Your instructions: The answer must be the full listing, restated word for word.

Data:

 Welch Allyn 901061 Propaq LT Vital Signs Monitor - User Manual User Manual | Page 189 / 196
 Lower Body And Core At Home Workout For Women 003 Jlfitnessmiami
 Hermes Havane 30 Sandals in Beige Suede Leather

Exercise answer:
 Welch Allyn 901061 Propaq LT Vital Signs Monitor - User Manual User Manual | Page 189 / 196
 Lower Body And Core At Home Workout For Women 003 Jlfitnessmiami
 Hermes Havane 30 Sandals in Beige Suede Leather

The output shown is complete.